Devenir son propre patron, contrôler son contenu et parler à une audience qui écoute et, pour certains, quitter leur rédaction pour travailler en toute indépendance, c’est la route que prennent de nombreux journalistes américains en lançant leur propre newsletter. Similaire au principe de l’abonnement payant, ce nouveau modèle offre un contenu par e-mail régulier, capable de procurer des revenus croissants. Cette approche innovante est-elle la solution pour faire face à la crise que traverse la presse écrite ?  

Journaliste américain, Casey Newton vient de quitter le grand média The Verge où il couvrait depuis sept ans les sujets d’actualité et les questions de technologie de la Silicon Valley et sous la coupe duquel il avait créé sa première newsletter, The Interface. À l’origine du départ de Casey Newton, le lancement de sa propre newsletter, Platformer, incitant ses 20 000 abonnés à le suivre : « Je voulais contrôler mon destin. Lorsque vous travaillez pour quelqu’un d’autre, vous courez toujours le risque que votre entreprise soit vendue, qu’elle traverse une crise économique, etc. Lorsque vous travaillez pour vous-même, vous pouvez planifier votre avenir. » Focalisée sur l’actualité des GAFA, sa newsletter indépendante propose un journalisme d’investigation, des enquêtes et des reportages dont les informations sont suffisamment importantes pour être proposées en contenu payant.

Lancée en octobre 2020, Platformer totalise après un mois d’activité 30 000 abonnés gratuits et plus de 1 000 abonnés payants, représentant déjà un chiffre d’affaires annuel de 100 000 dollars américains. Bien que son lectorat payant reste aujourd’hui inférieur à celui de The Interface, Casey Newton est confiant dans l’avenir : « Cela m’a semblé être un pari vraiment intéressant à faire. Je vais travailler vers mes objectifs au fil du temps. Je serai bientôt dans une position de pouvoir créer des emplois et recruter quelqu’un pour faire plus de reportages. Je peux embaucher un graphiste. Je peux commencer – de façon très minimale – à reconstruire un peu de ce qui a été perdu avec une petite entreprise et trouver des solutions pour l’avenir»

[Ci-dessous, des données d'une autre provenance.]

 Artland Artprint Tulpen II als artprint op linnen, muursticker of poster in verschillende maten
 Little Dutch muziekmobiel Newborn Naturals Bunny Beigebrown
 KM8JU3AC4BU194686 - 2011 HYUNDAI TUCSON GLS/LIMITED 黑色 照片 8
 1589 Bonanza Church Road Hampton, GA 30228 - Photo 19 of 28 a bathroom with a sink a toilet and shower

Un nouveau modèle économique se dessine

Popularisée par la plateforme de newsletters Substack créée en 2018, cette nouvelle façon de travailler tente de plus en plus de journalistes. Fondée par Chris Best, Hamish McKenzie et Jairaj Sethi, Substack compte seulement 12 employés, mais mise sur un chiffre d’affaires de 2 millions de dollars à la fin de l’année 2020. En seulement deux ans, la croissance du nombre d’abonnés a été exponentielle, passant de 11 000 à 250 000 abonnés sur l’ensemble des newsletters.

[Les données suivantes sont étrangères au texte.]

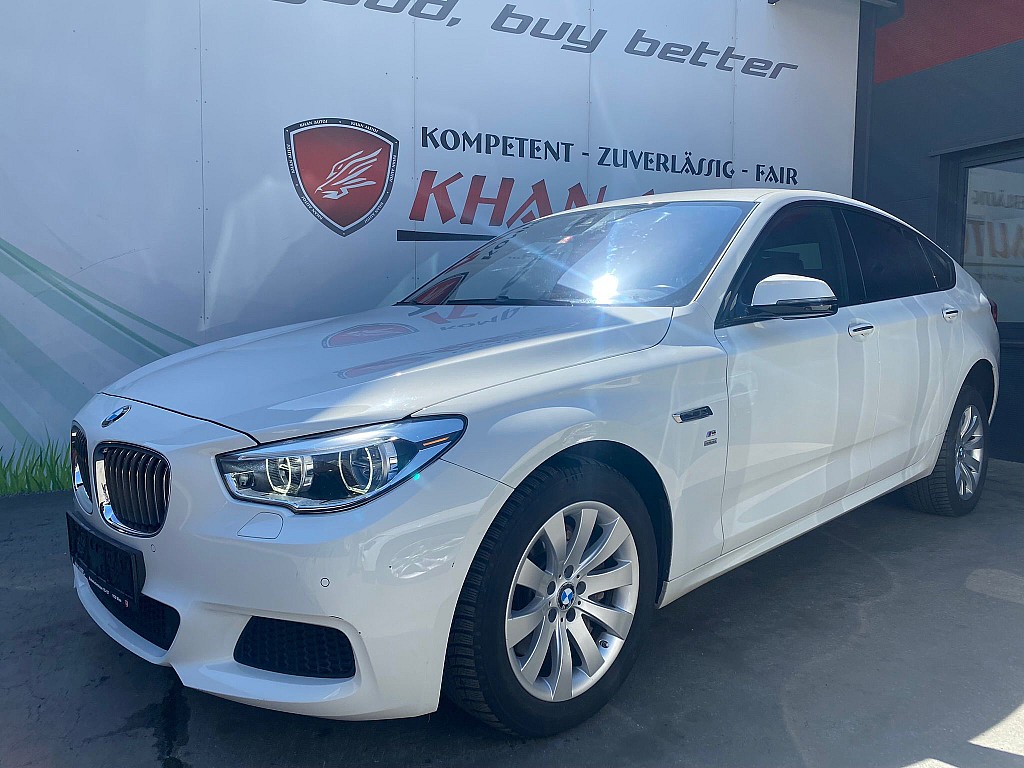 BMW 530d Gran Turismo xDrive Aut. *M-Paket*Leder*Navi*Sitzkühlung*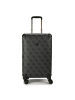 Guess Berta 4 Rollen Trolley 63 cm mit Dehnfalte in coal logo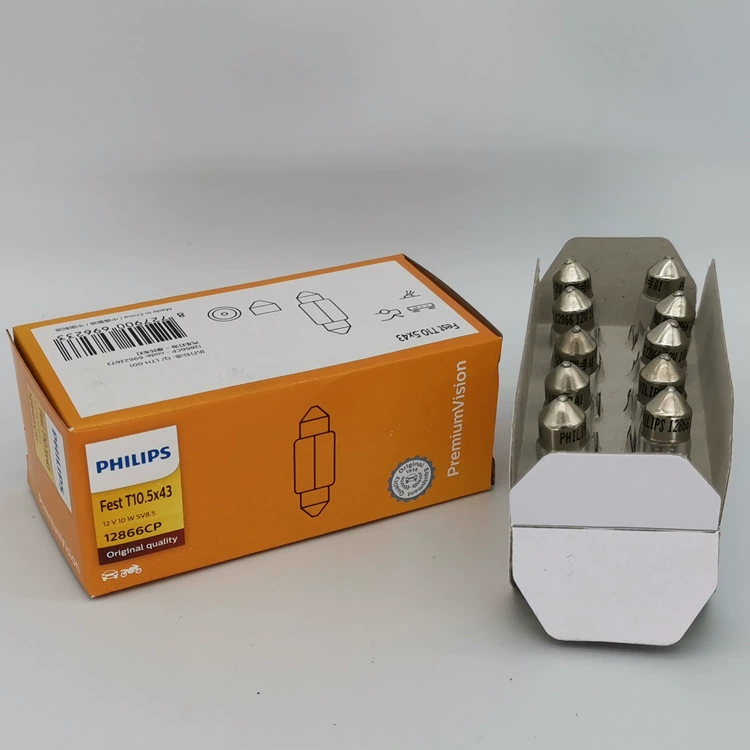 Philips, лампочка, 43 мм, 10 Вт, 12 В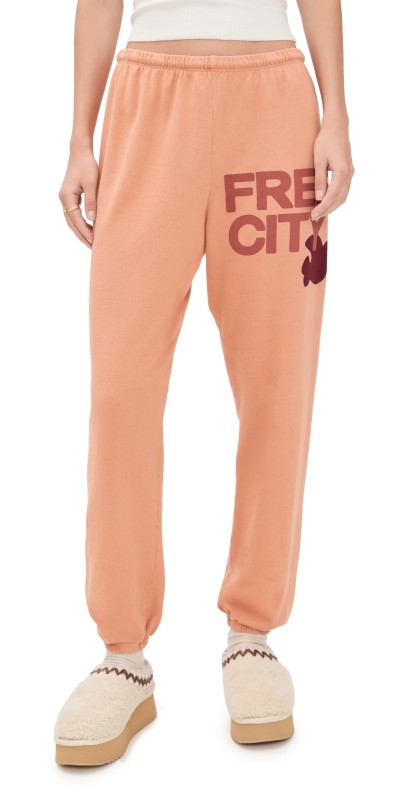 FREECITY Freecity Sweatpants Canyon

Le principe est simple : un journaliste, ou toute personne qui le souhaite, s’inscrit sur la plateforme et crée une newsletter qui sera diffusée à quiconque s’y abonne. Le concept est assez rapidement monétisable pour les auteurs déjà renommés. Hamish McKenzie, l’un des cofondateurs de Substack, explique qu’avec leur modèle de plateforme, « les chiffres ne doivent pas être énormes pour produire des revenus significatifs. Si vous pouvez convaincre quelques milliers de personnes de payer 5 dollars par mois pour vos informations, vous pouvez gagner 100 000 dollars américains par an ». Nombreux sont les journalistes reconnus comme Casey Newton qui ont sauté le pas : Polina Marinova, journaliste tech et business de Fortune, Haley Nahman, rédactrice en chef adjointe de Repeller ou encore Matt Taibbi, journaliste politique de Rolling Stones.

Les journalistes reprennent le contrôle de leurs mots

Cette tendance à l’individualisation du journalisme a commencé à se développer il y a quelques années avec Twitter, la plateforme de microblogging créée en 2006. Ce réseau social apprécié des journalistes leur a permis de créer leur propre offre éditoriale et de travailler leur image individuelle, indépendamment de leur rédaction et du média qui les emploie. Grâce à Twitter ou à d’autres réseaux sociaux, les journalistes peuvent créer leur propre audience et développer leur communauté d’abonnés, en basculant ensuite sur un modèle de diffusion payant et indépendant, comme la newsletter individuelle.

Face à la crise du modèle traditionnel de la presse écrite qui est confronté au boom des réseaux sociaux et aux difficultés causées par la pandémie internationale, ces journalistes tentent de redonner un sens à leur métier. Plus que jamais, le moment semble propice à la prise de risques. Devant des pressions toujours plus importantes, les journalistes veulent s’écarter du contrôle des algorithmes, des lecteurs qui ne lisent pas la totalité d’un article ou encore de leur dépendance aux revenus publicitaires, en diminution dans la presse écrite.

Le digital : un problème… ou une solution !

Au lieu de vouloir « sauver », un modèle économique en crise, l’heure est à la réinvention des médias et à une nouvelle façon d’accéder à l’information. En prenant la parole et en individualisant leur travail, ces journalistes s’adressent désormais à une nouvelle audience, la génération Z, qui est plus encline à soutenir et à s’engager, y compris financièrement, pour les projets auxquels elle croit. Les jeunes de la génération Z sont les premiers à acheter un tee-shirt fait par leur youtubeur préféré ou à soutenir une marque qu’ils aiment, et ils apprécient l’indépendance et l’authenticité. Activiste et parfois anticapitaliste, cette nouvelle génération a tendance à se méfier des actualités diffusées par les institutions, préférant les informations qui peuvent servir leur cause.

Devant le déferlement des fake news ou la défiance des lecteurs à l’égard des médias traditionnels, le modèle de la newsletter offre une information individualisée et inspire confiance en mettant en avant des auteurs plutôt que des institutions. Cette nouvelle forme d’information peut aussi redonner de l’espoir en réinventant, par de nouveaux canaux et une nouvelle manière de faire, un métier qui pour beaucoup avait perdu de son sens.